-- DATASET RECORDS follows --
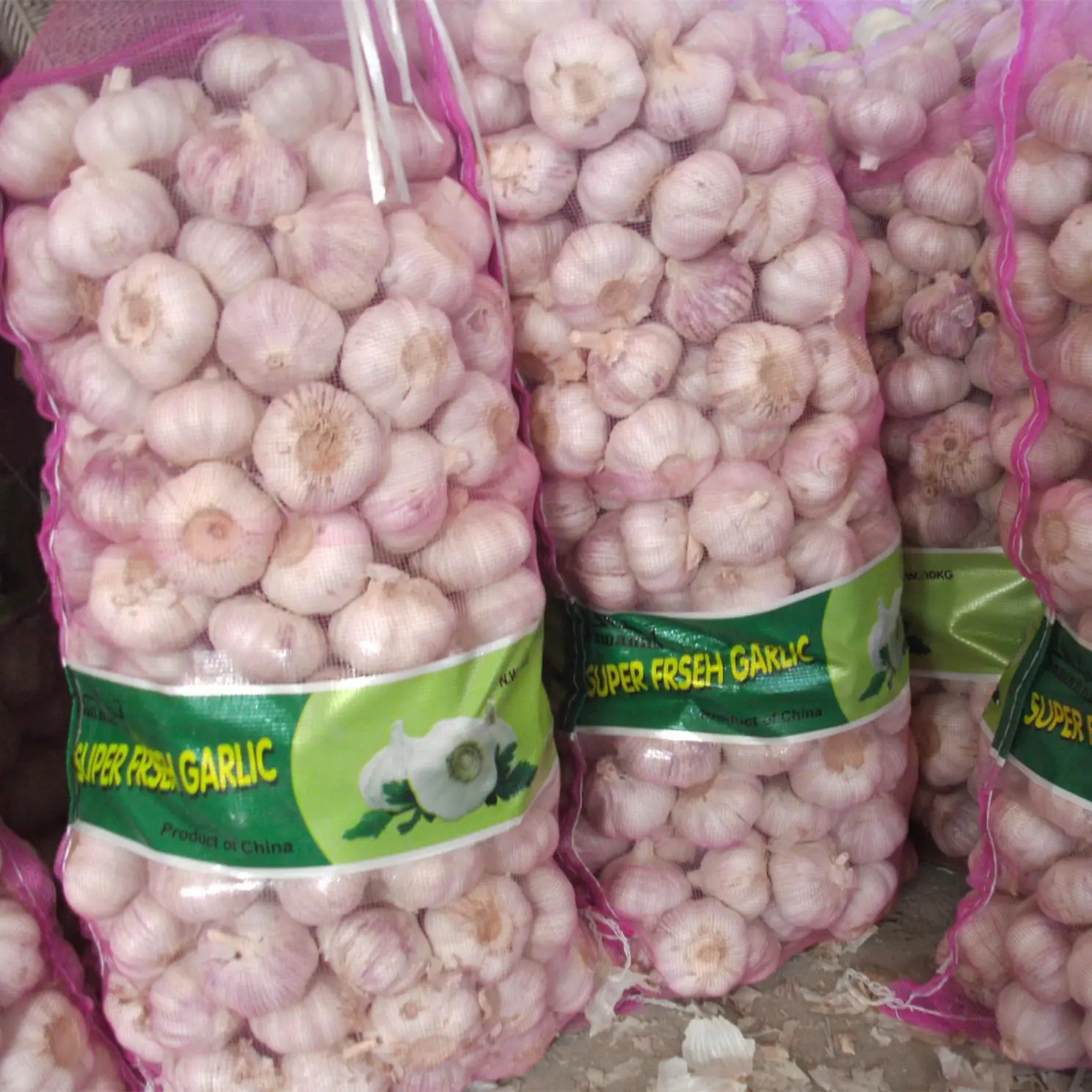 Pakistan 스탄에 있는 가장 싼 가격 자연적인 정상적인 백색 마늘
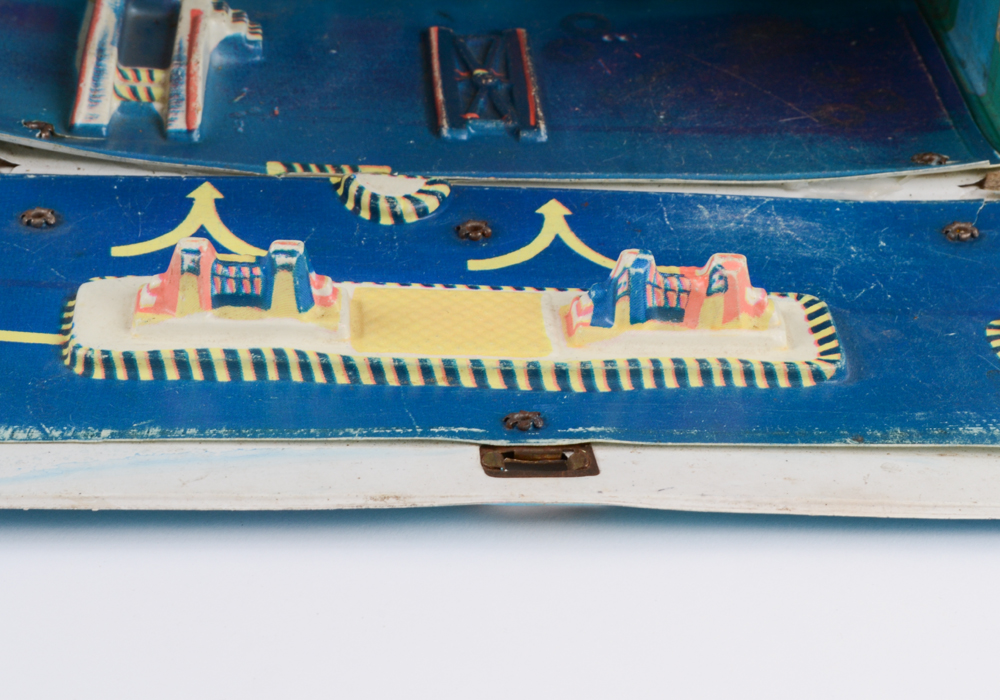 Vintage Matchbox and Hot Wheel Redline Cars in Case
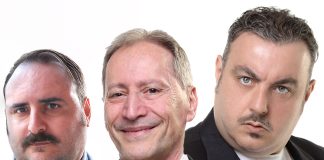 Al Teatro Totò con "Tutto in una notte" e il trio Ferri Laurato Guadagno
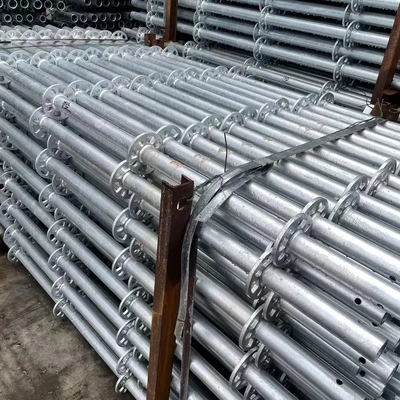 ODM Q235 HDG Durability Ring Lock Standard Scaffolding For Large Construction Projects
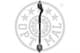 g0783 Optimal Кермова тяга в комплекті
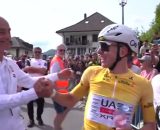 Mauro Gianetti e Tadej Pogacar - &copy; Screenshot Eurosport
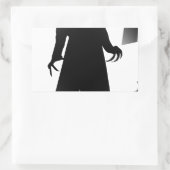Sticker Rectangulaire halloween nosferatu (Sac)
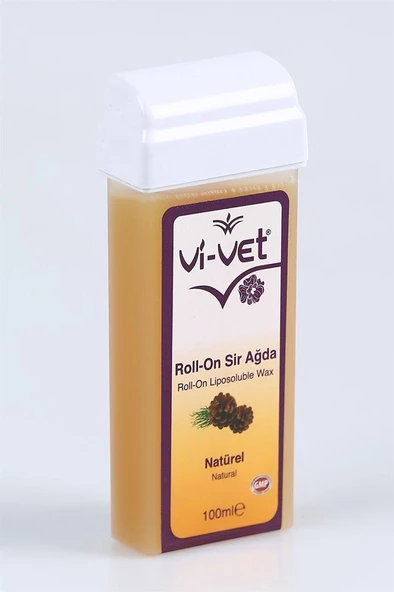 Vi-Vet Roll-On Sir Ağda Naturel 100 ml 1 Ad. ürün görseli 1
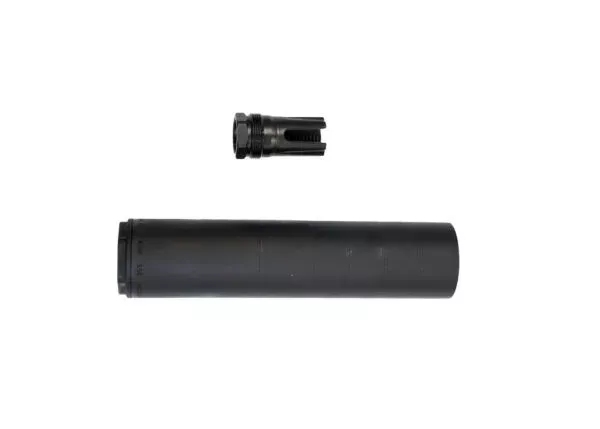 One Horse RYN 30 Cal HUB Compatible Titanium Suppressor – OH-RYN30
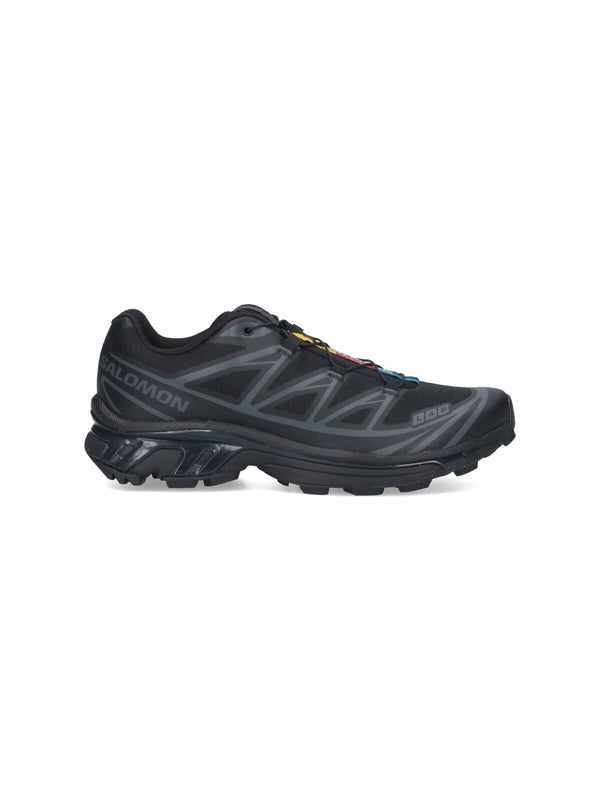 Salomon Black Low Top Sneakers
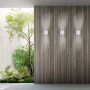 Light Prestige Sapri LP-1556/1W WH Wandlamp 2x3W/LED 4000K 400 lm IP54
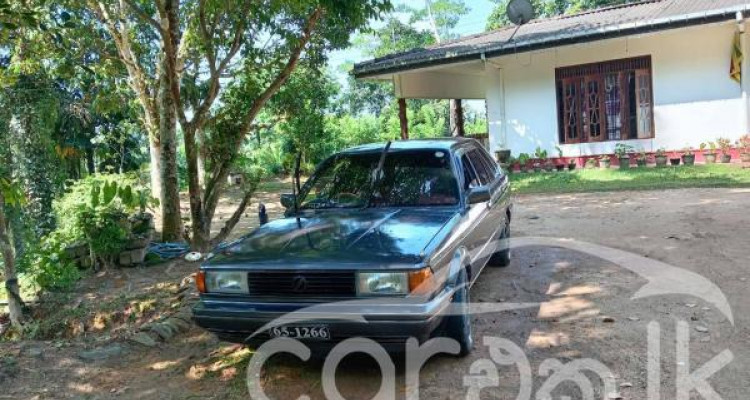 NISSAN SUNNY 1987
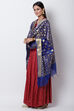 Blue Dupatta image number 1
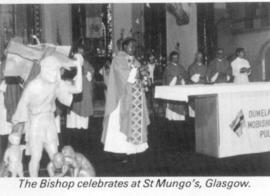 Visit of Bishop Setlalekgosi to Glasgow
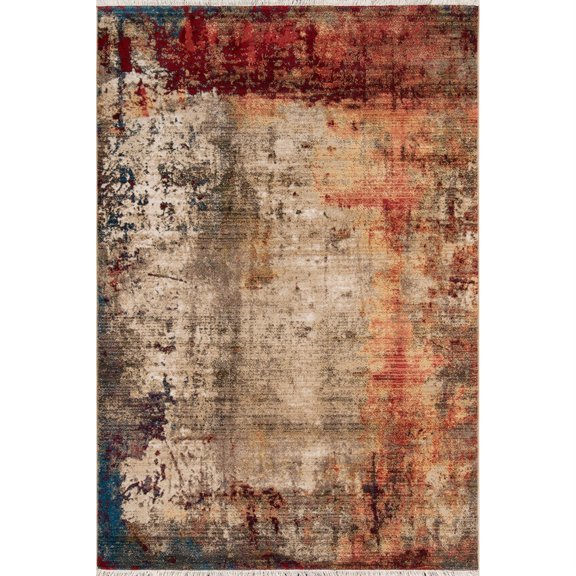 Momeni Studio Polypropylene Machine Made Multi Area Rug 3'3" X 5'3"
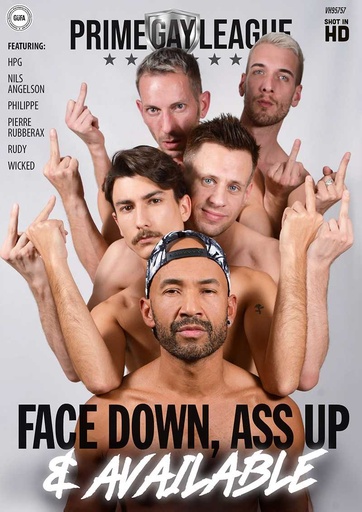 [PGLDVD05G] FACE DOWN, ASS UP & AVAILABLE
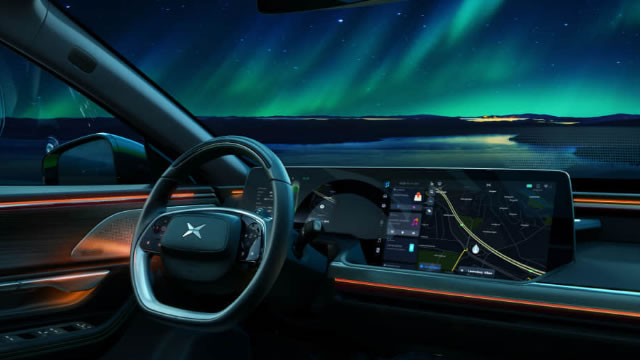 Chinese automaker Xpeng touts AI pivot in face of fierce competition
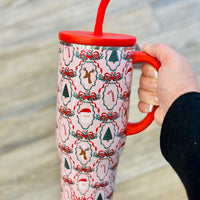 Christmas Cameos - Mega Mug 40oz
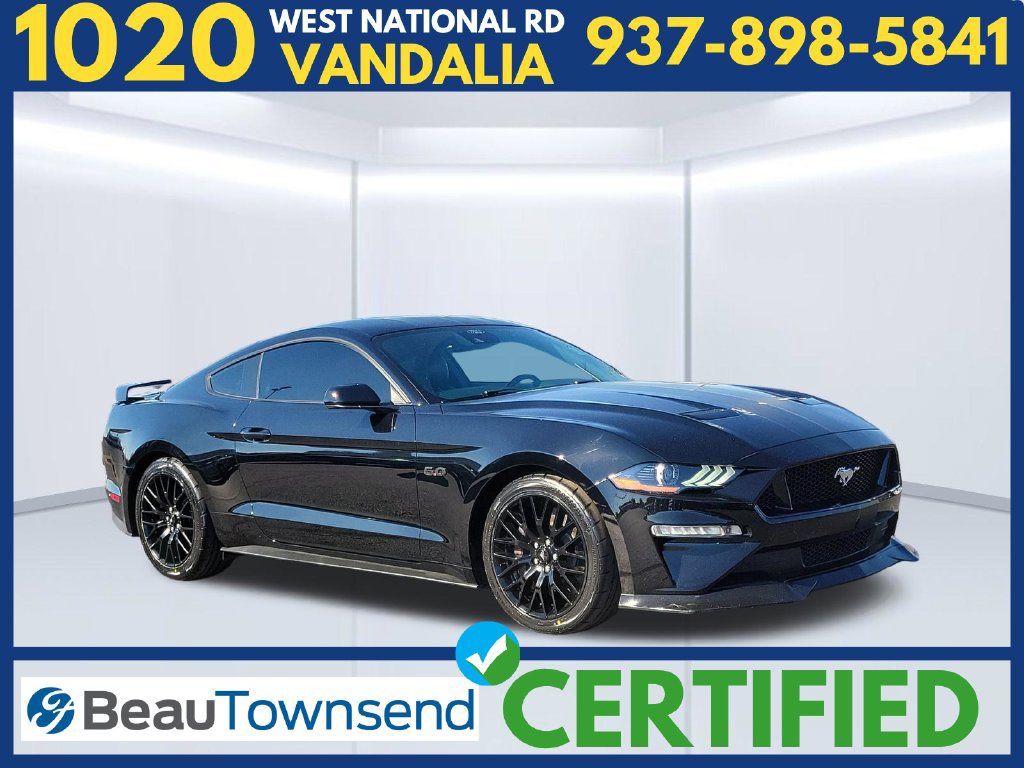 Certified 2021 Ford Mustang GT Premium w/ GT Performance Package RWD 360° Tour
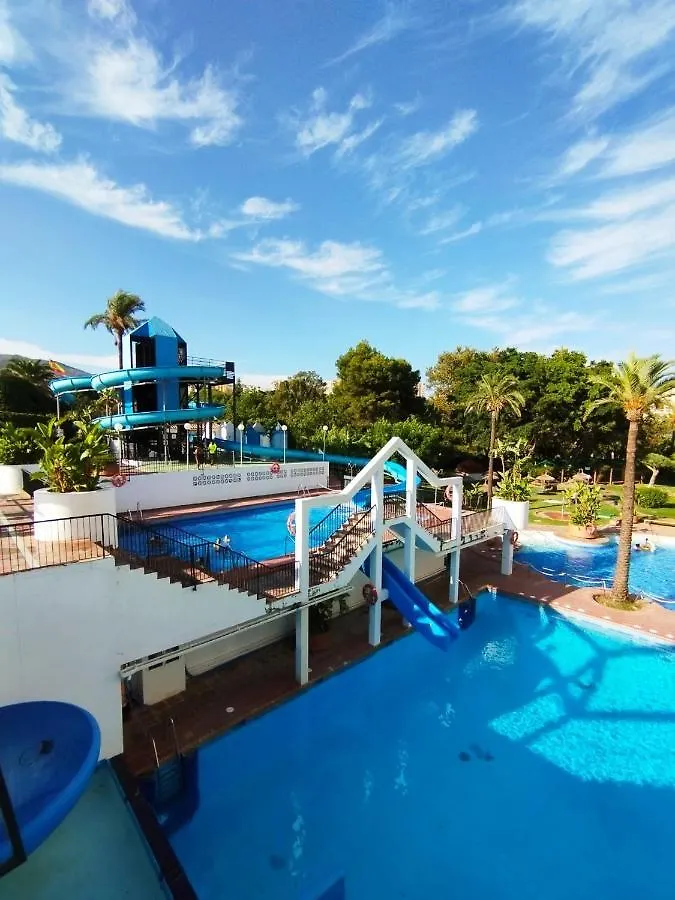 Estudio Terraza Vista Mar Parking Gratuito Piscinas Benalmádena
-- DATASET RECORDS concluded --
= WHAT THE TASK ASKS =
Please repeat the data above exactly as it appears, pictures excluded.

= COMPLETED TASK =
 Pakistan 스탄에 있는 가장 싼 가격 자연적인 정상적인 백색 마늘
 Vintage Matchbox and Hot Wheel Redline Cars in Case
 Al Teatro Totò con "Tutto in una notte" e il trio Ferri Laurato Guadagno
 ODM Q235 HDG Durability Ring Lock Standard Scaffolding For Large Construction Projects
 g0783 Optimal Кермова тяга в комплекті
 Mauro Gianetti e Tadej Pogacar - &copy; Screenshot Eurosport
Sticker Rectangulaire halloween nosferatu (Sac)
 Vi-Vet Roll-On Sir Ağda Naturel 100 ml 1 Ad. ürün görseli 1
 One Horse RYN 30 Cal HUB Compatible Titanium Suppressor – OH-RYN30
 Salomon Black Low Top Sneakers
 Light Prestige Sapri LP-1556/1W WH Wandlamp 2x3W/LED 4000K 400 lm IP54
 NISSAN SUNNY 1987
 Blue Dupatta image number 1
 Visit of Bishop Setlalekgosi to Glasgow
 Momeni Studio Polypropylene Machine Made Multi Area Rug 3'3" X 5'3"
 [PGLDVD05G] FACE DOWN, ASS UP & AVAILABLE
 Chinese automaker Xpeng touts AI pivot in face of fierce competition
 Christmas Cameos - Mega Mug 40oz
 Certified 2021 Ford Mustang GT Premium w/ GT Performance Package RWD 360° Tour
 Estudio Terraza Vista Mar Parking Gratuito Piscinas Benalmádena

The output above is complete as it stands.